Many studies in the literature have reported the most common musculoskeletal symptoms such as fatigue, stiffness, weakness, and pain, particularly in the upper extremities, or sensorial issues such as tingling, burning, and numbness [3–8]. Thus, different measures were used to evaluate the effects of using mobile phones via questionnaires only [6, 9–11] or questionnaires alongside standardised assessment scales and devices [5, 12–14].
Pain, discomfort, and/or numbness were reported in the neck and upper/lower back (57.4% - 89.8%), shoulders (37.8% - 48%), elbow (14.1%), hand and wrist (24.4% - 30.5%), and thumb (42%) [6, 9–11]. İnal and Serel Arslan [8] studied the relationship between smartphone addiction and cognitive flexibility and musculoskeletal problems in university students using the Nordic Musculoskeletal Questionnaire (to assess musculoskeletal symptoms), Visual Analog Scale (to measure pain), the Cognitive Flexibility Inventory (to assess cognitive flexibility), and the Smartphone Addiction Scale. The study found that smartphone addiction has a significant positive correlation with right hand pain, right arm pain, and neck pain (p < 0.05, r = 0.17, r = 0.14, r = 0.13, respectively) while Cognitive Flexibility Inventory has a significant negative correlation (p < 0.05, r = –0.13).
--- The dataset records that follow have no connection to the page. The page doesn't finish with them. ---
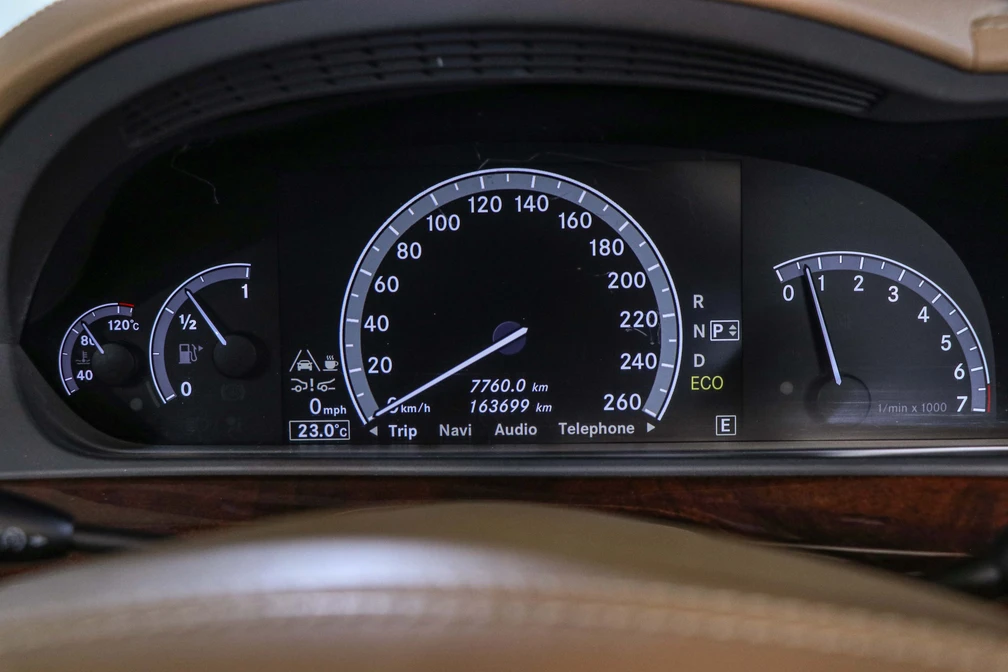 خرید و فروش بنز کلاس S 500 - فول مدل 2012 نقد و اقساط خرید و فروش بنز کلاس S 500 - فول مدل 2012 نقد و اقساط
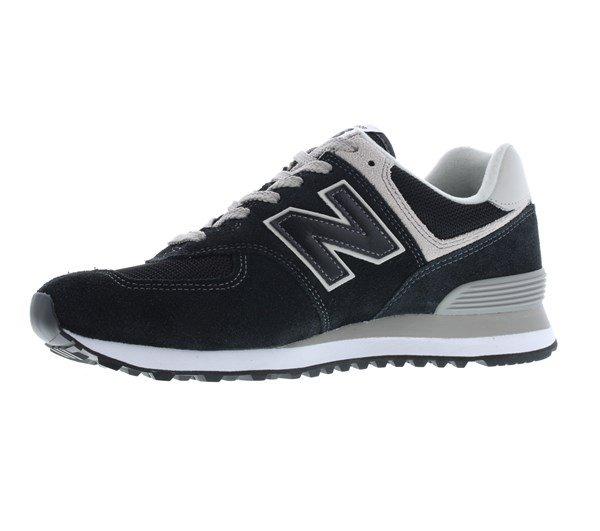 New Balance 574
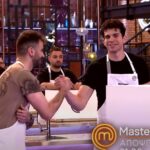 MasterChef 2025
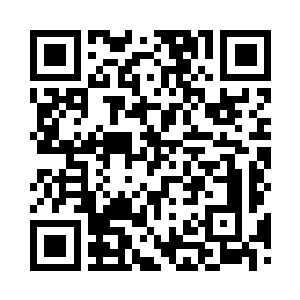 你们对待客人不应该用热情的态度吗二维码生成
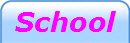 School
Sharan et al. [5] assessed pain severity and reported different musculoskeletal pathologies among individuals using mobile phones. Their study revealed that myofascial pain and thoracic outlet syndrome are most common pathologies (49% - 70%), followed by fibromyalgia syndrome (10.0% - 25.9%), and other less common pathologies, i.e., hypothyroidism, wrist tendinosis, and De Quervain’s tenosynovitis (2.9% - 14.8%). Ali et al. [10] further assessed the frequency of De Quervain’s tenosynovitis and its association with SMS texting through a self-administered questionnaire, Universal Pain Assessment Tool (to assess the severity of the pain), and Finkelstein test (to diagnose De Quervain’s tenosynovitis). Participants reported pain and weakness as a result of texting on their phones at the base of their thumbs/wrists, demonstrating De Quervain’s positive and positive association between thumb pain and frequent text messaging [10].
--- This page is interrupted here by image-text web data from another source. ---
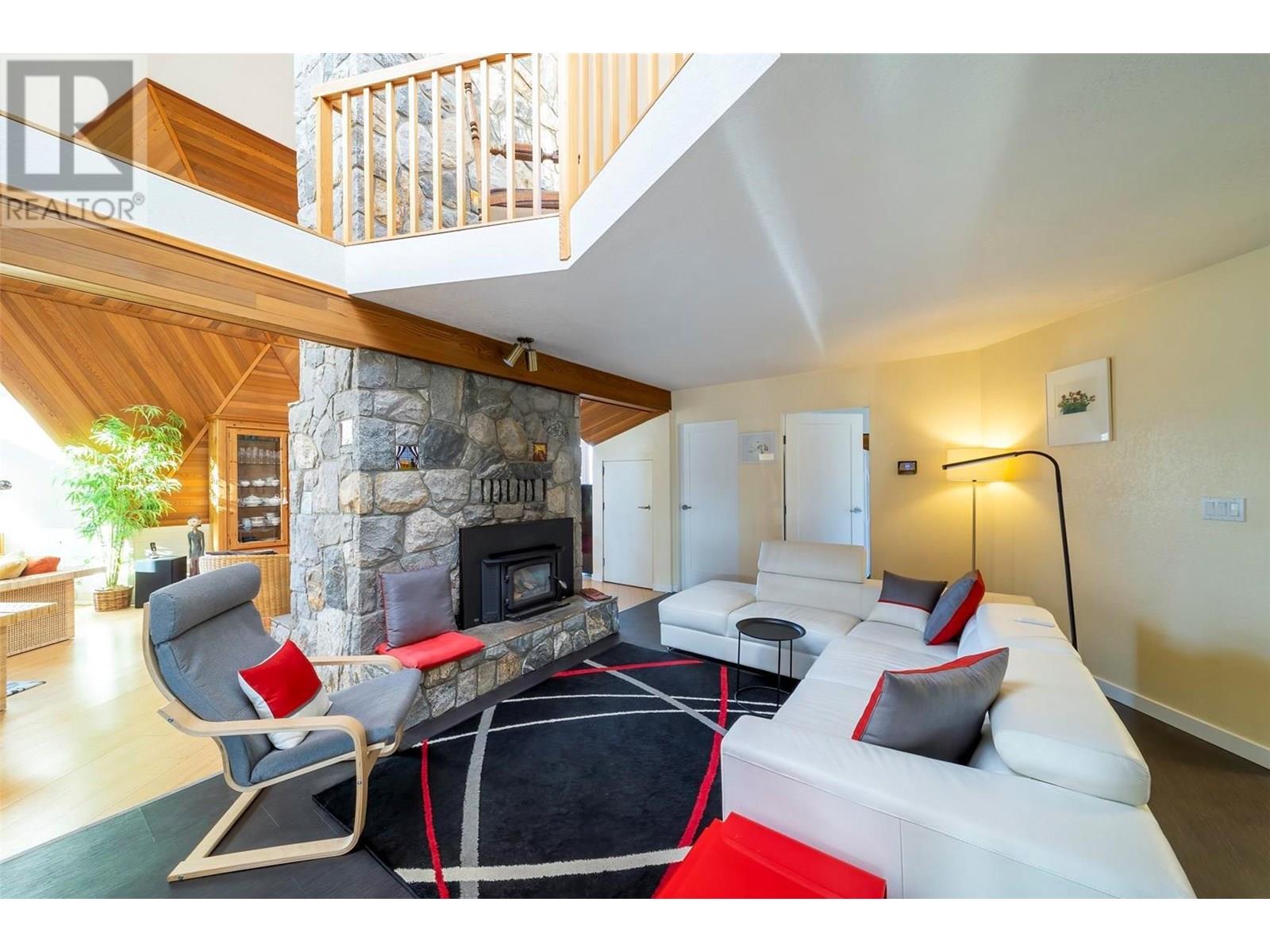  16709 Maki Road, Lake Country
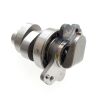 R/B 25100-E20-012 Cam shaft comp
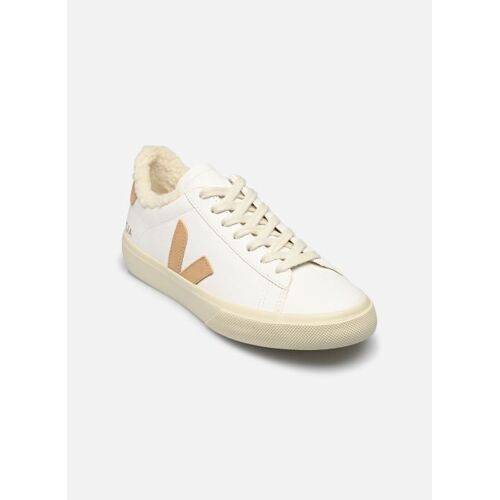 Baskets Veja Campo Winter W Pour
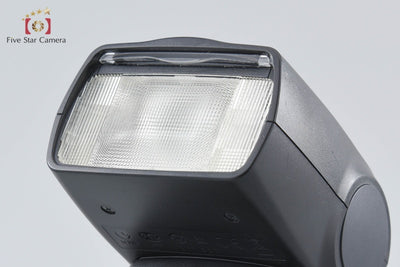 [Used] Canon Speedlite 430EX II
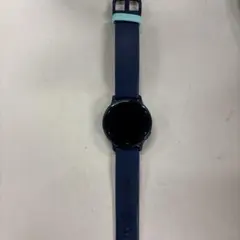 GARMIN vivoactive 5 スマートウォッチ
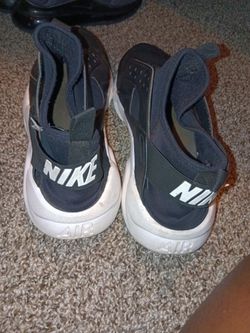Nike shoes size mens 11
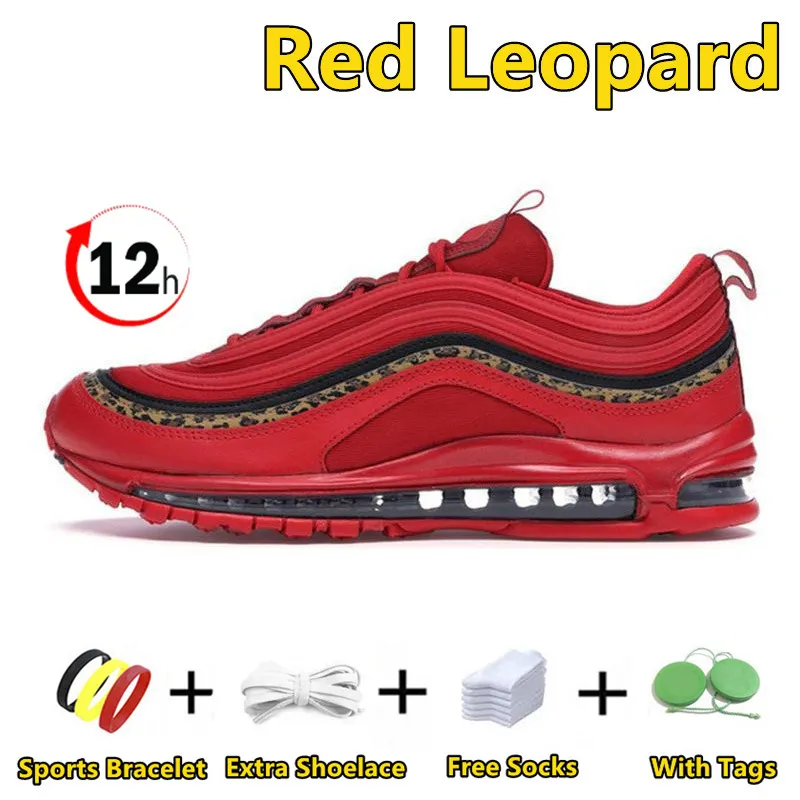 Max9797 97s Mens Running Shoes Blue Hero Mschf X Inri Jesus Satan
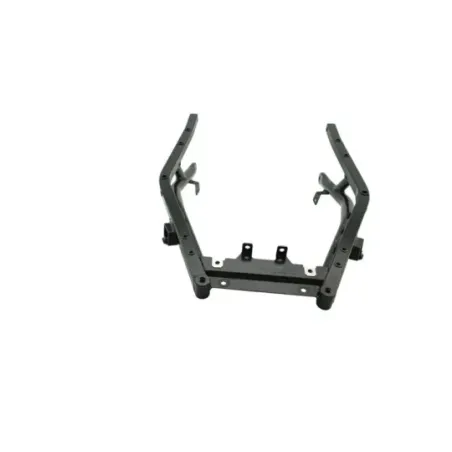 Boucle cadre arriere BMW C EVOLUTION ABS 2013 - 2020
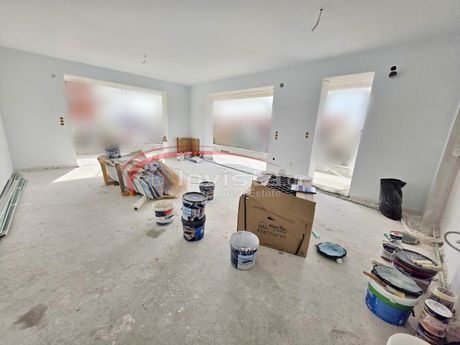 Διαμέρισμα 117τ.μ. για πώληση-Θέρμη » Κέντρο θέρμης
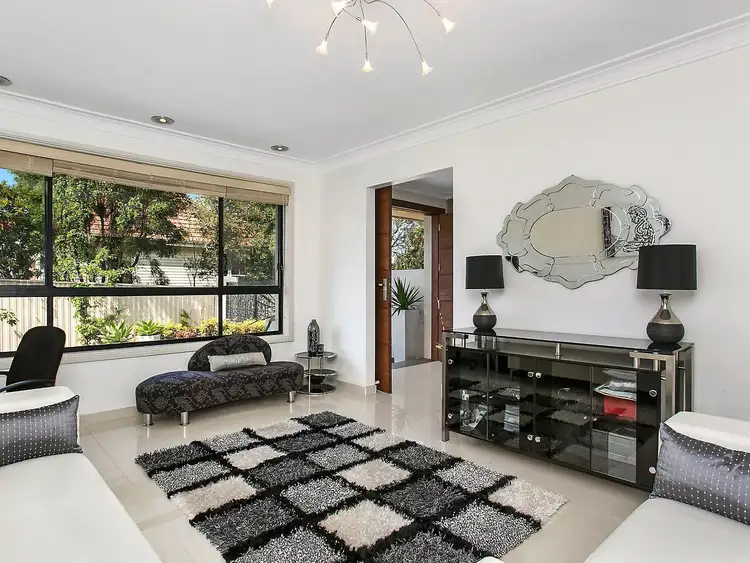 Third view of Homely house listing, 11 Northbrook Street, Bexley NSW 2207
The surface electromyography (EMG) system was used to evaluate the level of fatigue of neck and upper extremity muscles during mobile phone use and an algometer was used to assess and compare participants’ pressure-pain thresholds [12]. Foltran-Mescollotto et al. [13] found an increase in RMS values after smartphone use in the left trapezius when evaluating the correlation between muscle activity and mobile phone use. Vahedi et al. [14] investigated head lateral bending angle, forward flexion, and viewing distance while using smartphones in various postures and tasks. In their study, pain experience and neck kinematics were assessed using a questionnaire and motion analysis system, respectively. After completing the test, there was a significant increase in pain complaints in the neck and upper limbs, and the findings showed that using smartphones in sitting and standing postures was associated with greater viewing distance and head forward flexion for two-handed typing tasks, respectively.
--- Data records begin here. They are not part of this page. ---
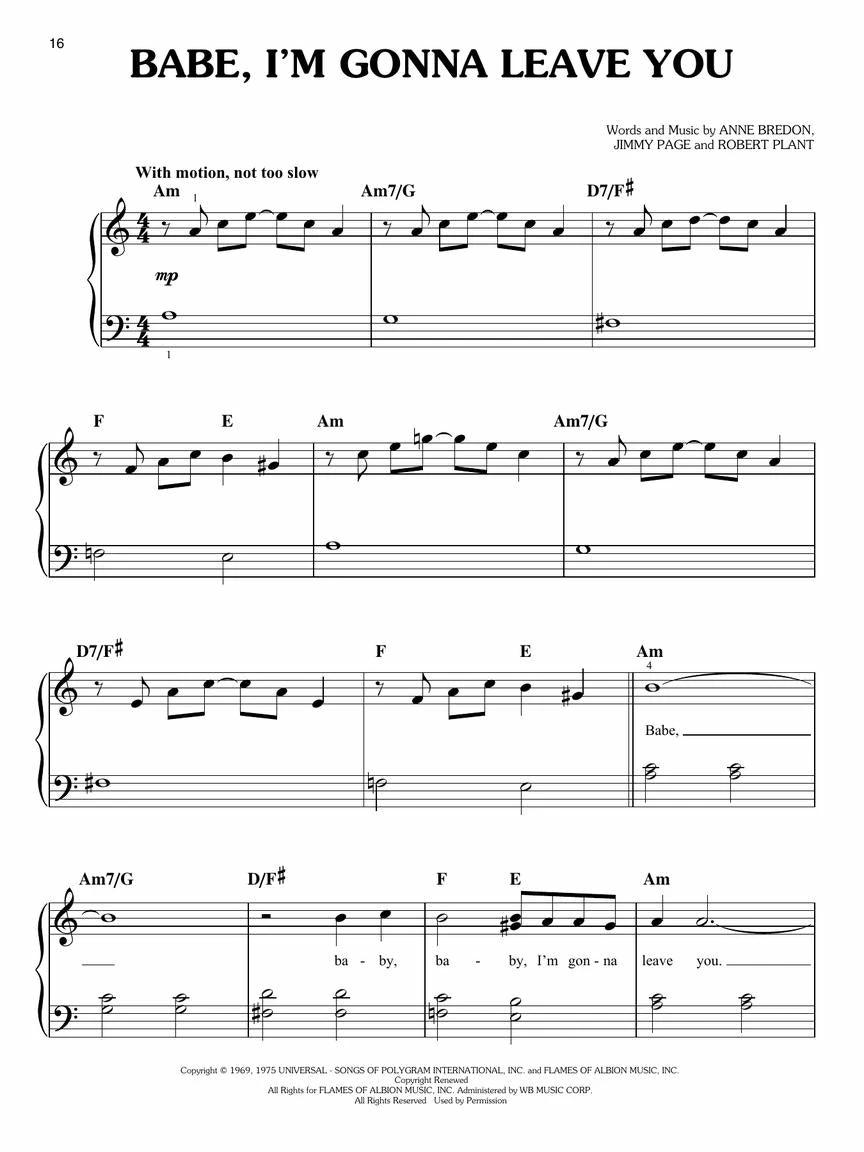 New ๐ Hal Leonard USA Print Music FIRST 50 ACOUSTIC SONGS YOU SHOULD PLAY ON PIANO ๐ 6 Hal Leonard USA Print Music FIRST 50 ACOUSTIC SONGS YOU SHOULD PLAY ON PIANO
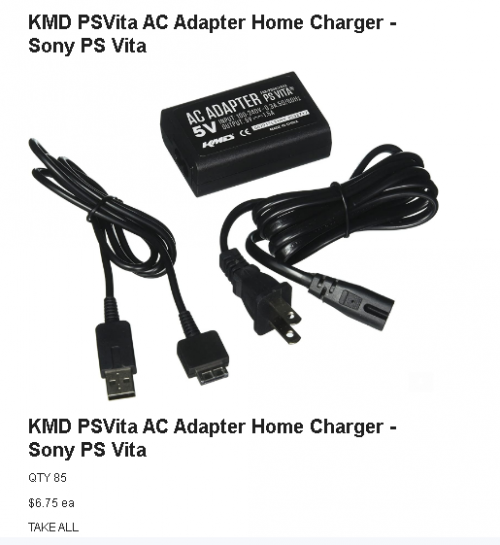 image7e7c2e3d0698cc46.png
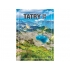 Kalendarz 13-planszowy Tatry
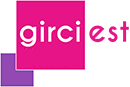 logo girci est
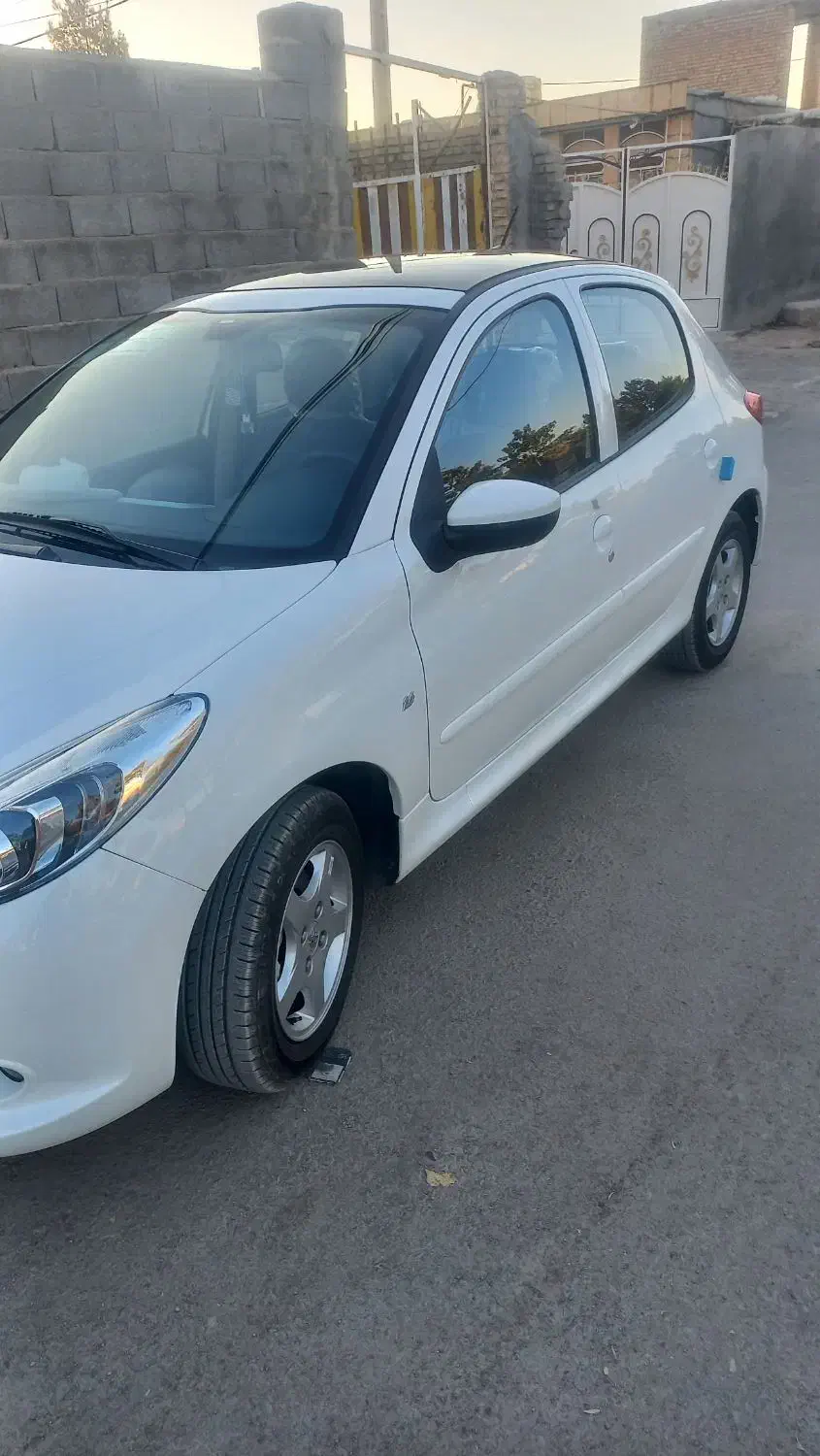 خودرو|خودرو سواری و وانت|اصفهان, دانشگاه اصفهان|دیوار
Despite the progress that has been made, and up to the authors’ knowledge, there is no study on the correlation between mobile phone use and upper extremity neuromusculoskeletal stresses/complaints within young adults in Jordan. In this study, the authors used the results of a survey to investigate this correlation. It includes an evaluation of pains and symptoms related to mobile phone use and using habits (e.g., duration, used hand). The study tries to build a baseline of knowledge that may be used in awareness-raising campaigns and tries to better understand young adults’ acceptance of safer mobile phone use habits.
Methods
Research sample and inclusion criteria
The total population of the university is 4691 students (4240 undergraduate students, 451 postgraduate students, 1,815 females, 2906 males) and around 3600 students were available on campus. The questionnaire was designed using Google Forms and distributed among 720 students by email using systematic sampling. The students email list arranged alphabetically was acquired and the questionnaire was sent randomly to each fifth student in the list. A reminder was sent once again after two weeks. A total of 228 undergraduate university students responded and filled the questionnaire (response rate 31.7%).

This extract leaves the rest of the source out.